Cartas de amor centenárias de soldados portugueses vão ser expostas em França
A exposição vai estar patente no âmbito do centenário da Batalha de La Lys, a 9 de abril, considerada como "a Alcácer Quibir do século XX".
Corpo do artigo
A cidade de Vieille-Chapelle, no norte de França, vai ser palco da exposição "Amores Suspensos", de 6 de abril a 7 de maio, que vai mostrar cerca de 150 cartas de amor de soldados portugueses que combateram na Primeira Guerra Mundial em França.
A exposição vai estar patente no âmbito do centenário da Batalha de La Lys, a 9 de abril, considerada como "a Alcácer Quibir do século XX" e em que morreram cerca de dois mil soldados do Corpo Expedicionário Português (CEP), nas vésperas do render de tropas.
A mostra está a ser comissariada pela bisneta de um soldado português que lutou na frente de batalha francesa, Aurore Rouffelaers, a partir da coleção póstuma de Afonso Maia, neto de um outro soldado português e que dedicou grande parte da sua vida a estudar o CEP.
Das 150 cartas e postais escritos em língua portuguesa, "entre 30 a 50" deverão ser traduzidos para francês para contar os "amores colocados entre parêntesis" devido à guerra, explicou à Lusa Aurore Rouffelaers.
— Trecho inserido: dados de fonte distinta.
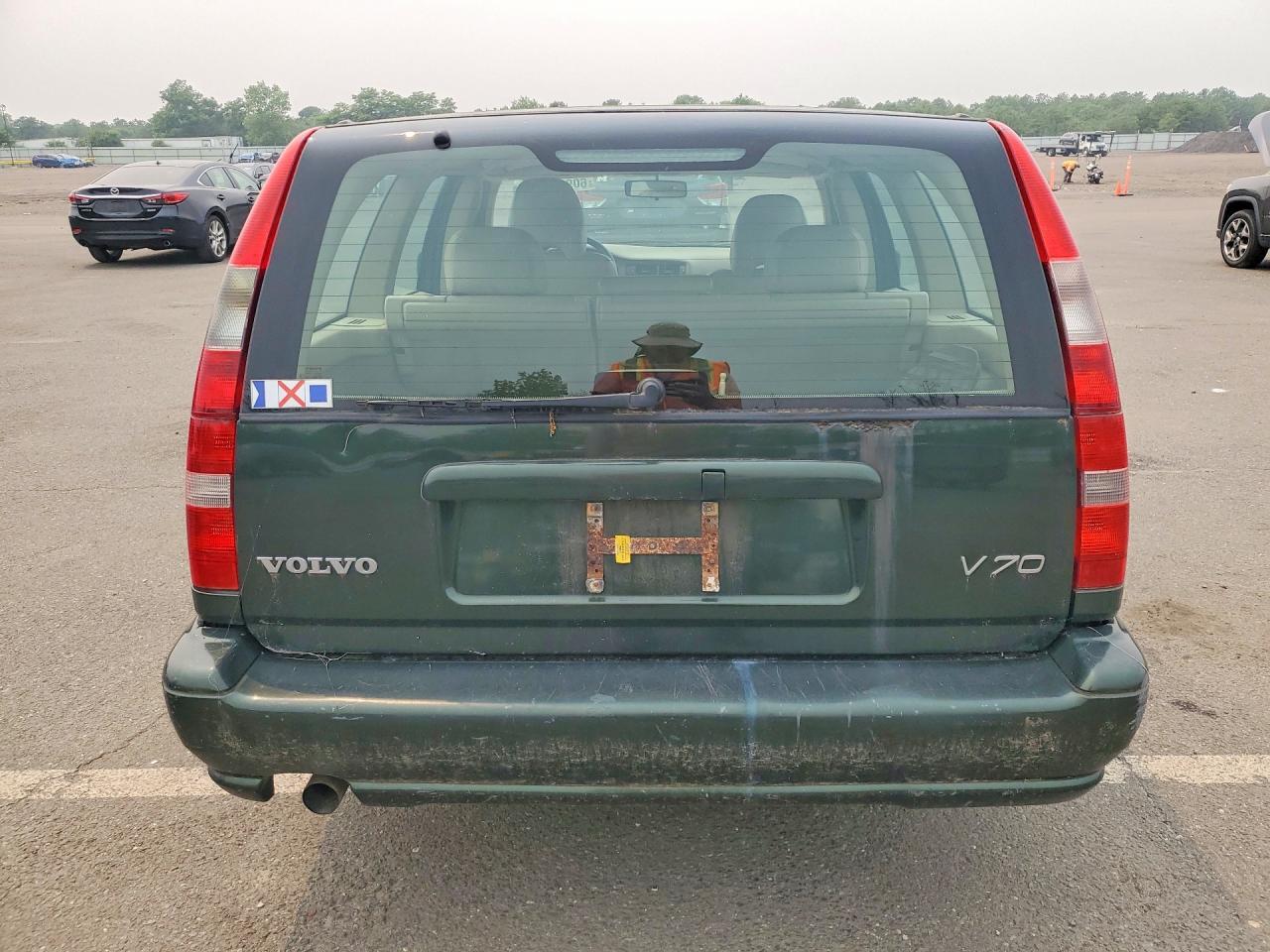 1999 Volvo V70 - Image 6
O interesse pelas histórias de amor na Grande Guerra surgiu com os relatos da avó, Felícia Glória d'Assunção Pailleux, que sempre lhe falou sobre o pai soldado que se apaixonou por uma francesa e que, no final da guerra, trocou Portugal por França e teve 15 filhos.
"O teor das cartas é suave no meio da violência extrema que é a guerra. A exposição chama-se 'Amores Suspensos' porque o amor foi colocado entre parêntesis e isso acaba por alimentar e aumentar o amor. Vamos pendurar as cartas no teto, com laços de todas as cores para que voem. O correio é mesmo assim, ele voa", descreveu.
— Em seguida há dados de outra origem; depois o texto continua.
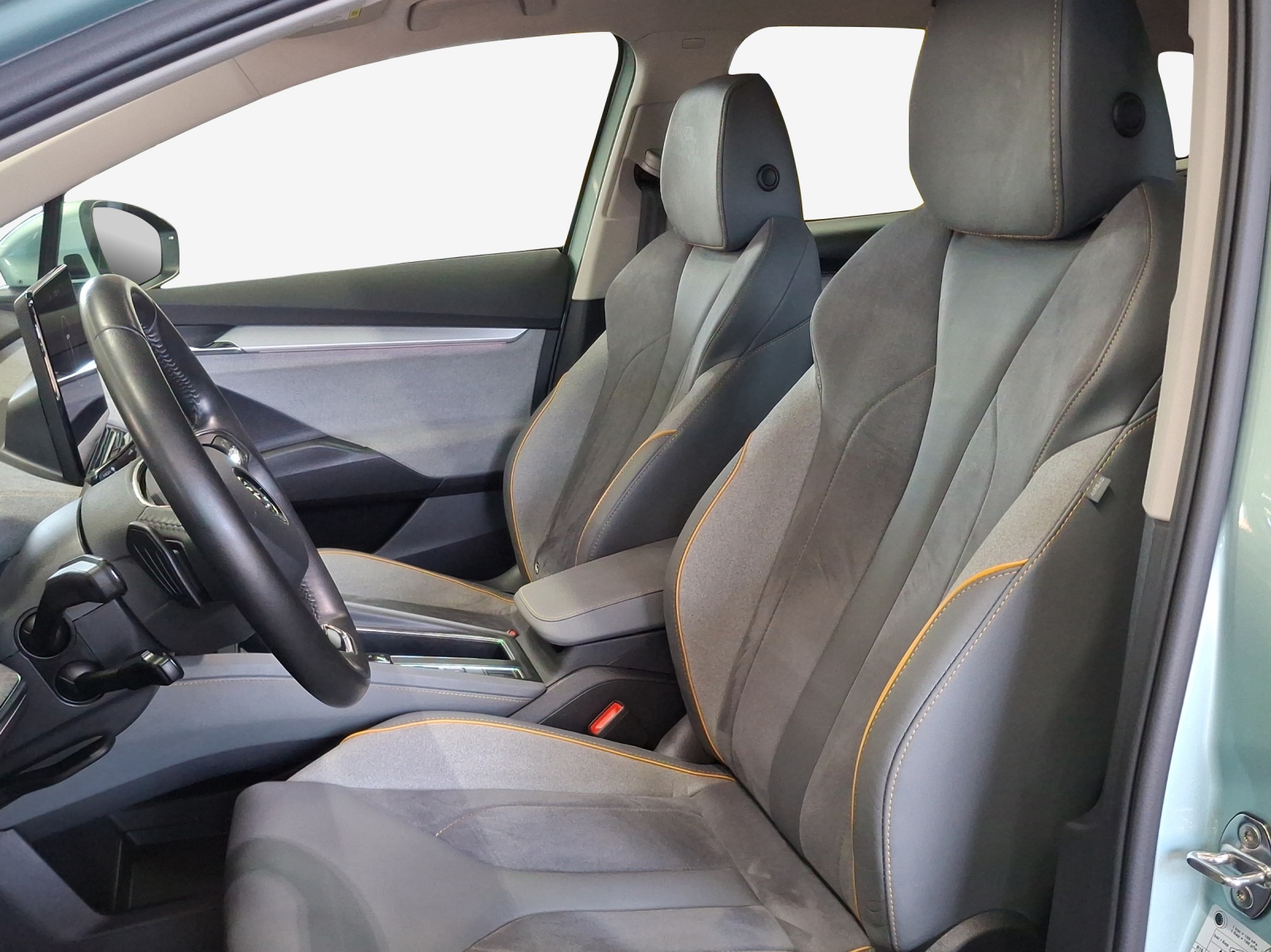 SKODA Enyaq iV 80-image-8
As 150 cartas de amor portuguesas são uma gota no oceano face às mil milhões de cartas, escritas em diversas línguas, que foram enviadas durante a Primeira Guerra Mundial, já que a correspondência "era a forma de os soldados se manterem vivos", continuou Aurore Rouffelaers.
As cartas dão uma outra visão da guerra porque os militares "não podem contar o horror do quotidiano", tendo em conta que "as cartas eram abertas e têm o carimbo da censura" e por "respeito pelas famílias".
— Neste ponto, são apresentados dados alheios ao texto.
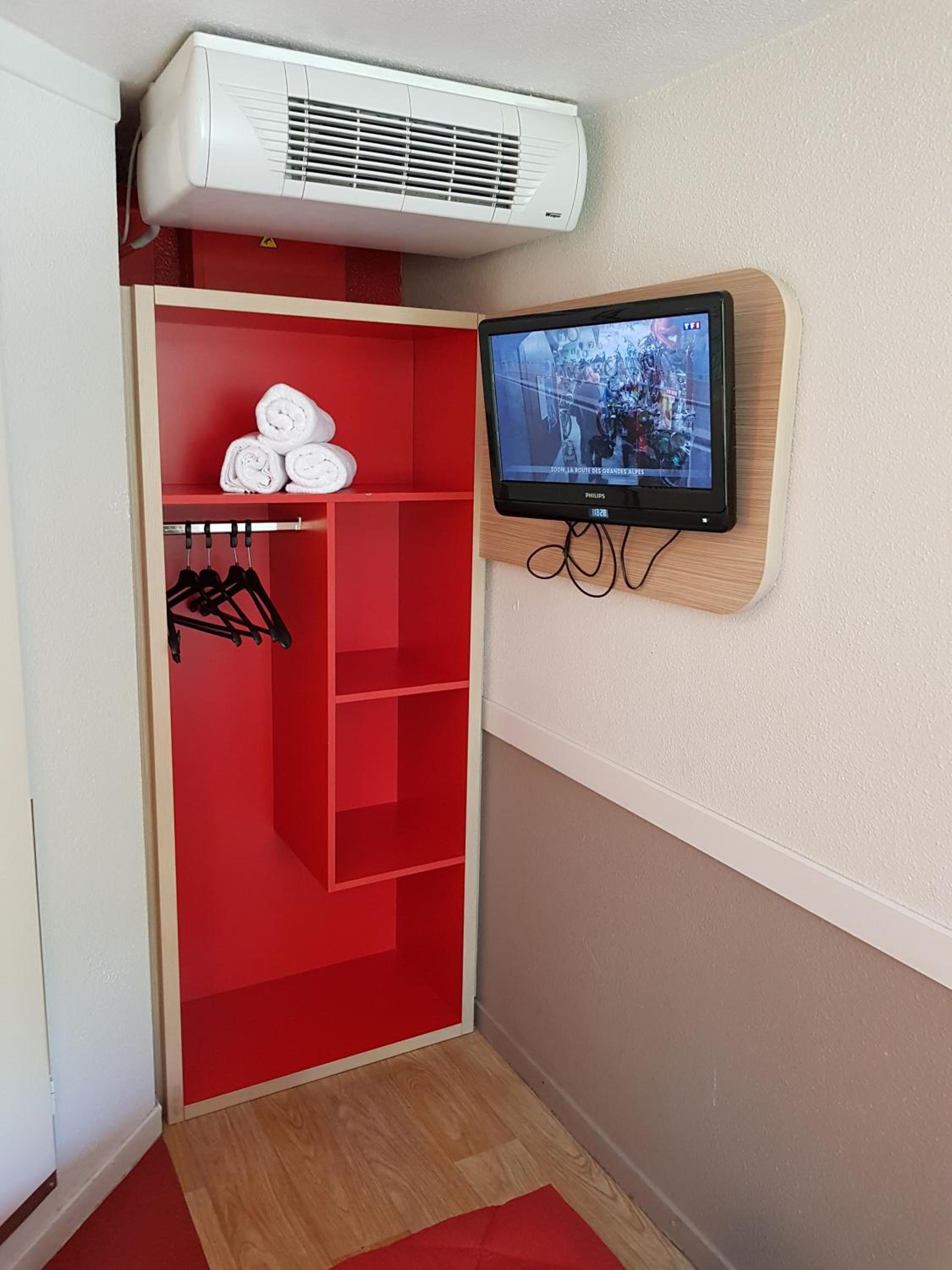 Standard Queen Room - Photo 1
"Os soldados contam a saudade, as pequenas histórias, a pequena guerra porque não querem preocupar a família nem ser censurados. Eles tentam saber notícias dos outros que estão a combater porque a família tem cartas de todos, enquanto o soldado na trincheira não sabe onde está o irmão ou o primo", continuou Aurore Rouffelaers.
O "inferno com os pés na lama" ficava à margem das cartas, assim como as descrições que "o campo de batalha cheira a pólvora e a morte" ou que "a comida é nojenta e fria" ou que "o ribombar dos bombardeamentos é permanente e que o 'ba ba bam ba ba bam' está sempre nos ouvidos".
"Não podes contar à tua mulher que hoje estiveste para morrer quatro vezes. Não podes contar que o bombardeamento foi tão intenso que os corpos que estavam enterrados no 'No Man's Land' voaram pelos ares e havia bocados de cadáveres por todo o lado. Não podes contar isto à tua mulher senão ela deixa de viver", destacou Aurore Rouffelaers.
Para sobreviver, sobravam as palavras sugestivas "para manter a líbido" e uma ou outra lembrança dentro do envelope, algo transversal a todos os batalhões de diferentes nacionalidades.
"Nas cartas portuguesas ainda não encontrei, mas nas francesas, quando os soldados estão há muito tempo na frente, encontram-se matérias orgânicas ou coisas mais românticas como uma madeixa de cabelo ou flores", concluiu.
Aurore Rouffelaers tem 38 anos e é também a coordenadora do Centro de Turismo de Béthune-Bruay para as comemorações do centenário da Primeira Guerra Mundial, estando a trabalhar em coordenação com o Cônsul Honorário de Portugal em Lille, Bruno Cavaco.
A lusodescendente é também comissária da exposição "Racines" ["Raízes"] sobre descendentes de portugueses que combateram na Primeira Guerra Mundial e que vai estar patente de 6 de abril a 7 de maio de 2018, na cidade de Richebourg.